At 6.5%, the central bank has kept the repo rate unchanged in the last three policies since raising it in February 2023. In August, retail inflation was at 6.8% – lower than the 7.4% reported in July but still above RBI’s target zone.
The monetary policy committee (MPC) of the central bank is meeting from October 4-6 with its decisions scheduled to be announced on the last day. In case the MPC maintains a status quo on rates, its commentary and guidance would be very important, economists said. “We expect the RBI to pause in its October policy,” said Soumya Kanti Ghosh, group chief economic adviser, SBI, in a recent report. “Domestically, we believe at 6.5%, we are in for a prolonged pause as seasonality of inflation is tapering,” Ghosh said.
Inflation is expected to dip in the next few months. “While the headline CPI inflation is still above the RBI’s comfort zone, the softening in prices of agro-commodities since mid-August will likely lead to sub-6% CPI inflation rate in the coming prints,” said Siddhartha Sanyal, chief economist & head research, Bandhan Bank. “This, coupled with negative WPI prints and uneven pace of recovery in various sectors in the economy, will likely prompt the MPC to demonstrate patience and maintain status quo on key policy rates in October.”

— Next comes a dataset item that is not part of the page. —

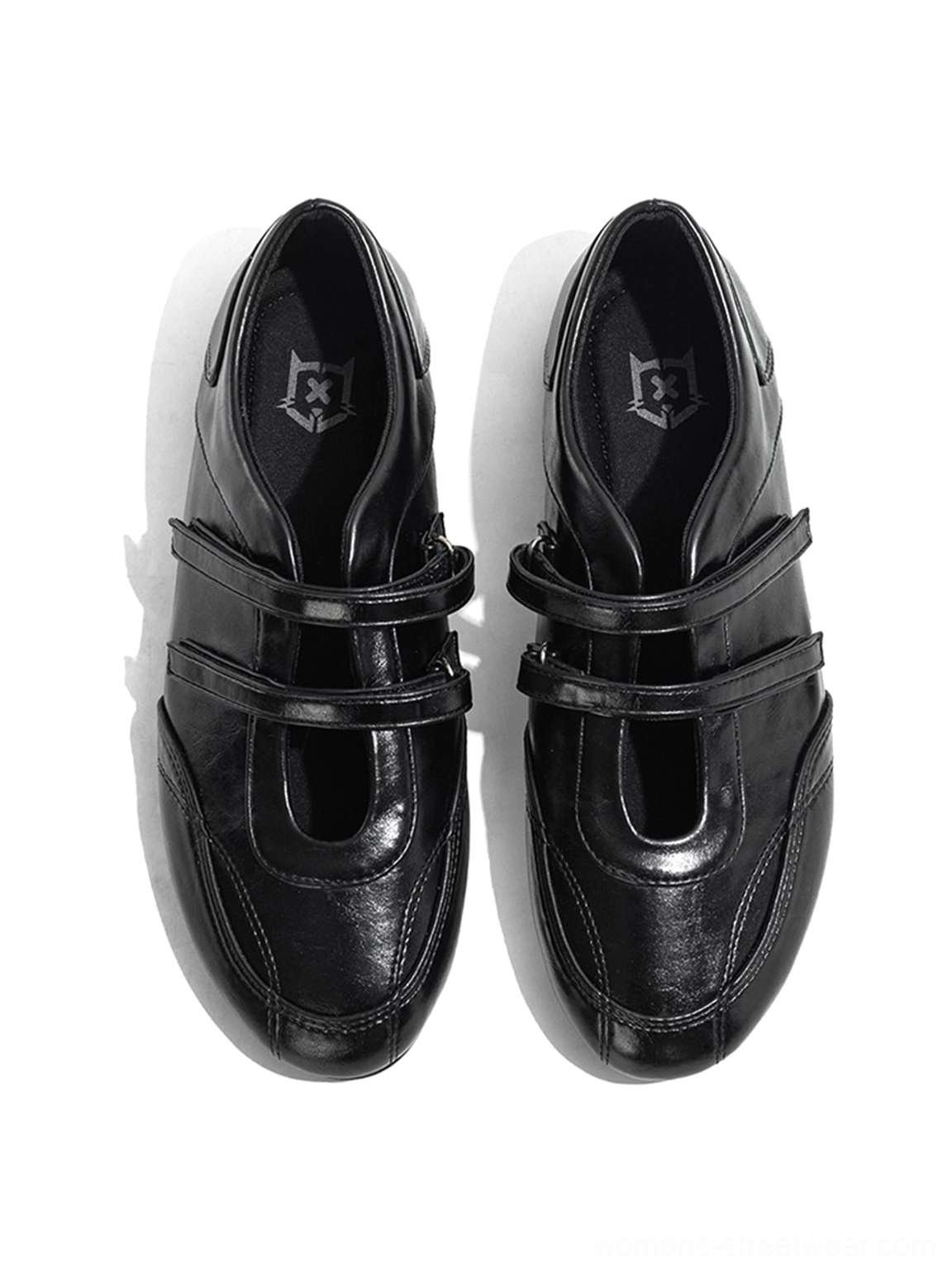 Black crisscross strap leather-look flats with rounded ballet toe and flexible flat sole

Outside of food prices and other domestic factors impacting inflation, rising crude oil prices and bond yields are something that the central bank should be cautious about since this could again put upward pressure on the inflation reading. “The recent spike in crude oil prices and global bond yields shall keep MPC vigilant on inflation-growth dynamics,” said Parijat Agrawal, head, fixed income, Union Mutual Fund. Last week, yield on US 10-year treasury bonds rose to near the 4.7% mark – a level not seen in more than 16 years. Agrawal, too, believes that the MPC would keep rates unchanged at its meeting this week.
Ghosh of SBI believes that the MPC should not “give a forward guidance yet”. And Sanyal of Bandhan Bank says that the MPC commentary is expected to be cautious.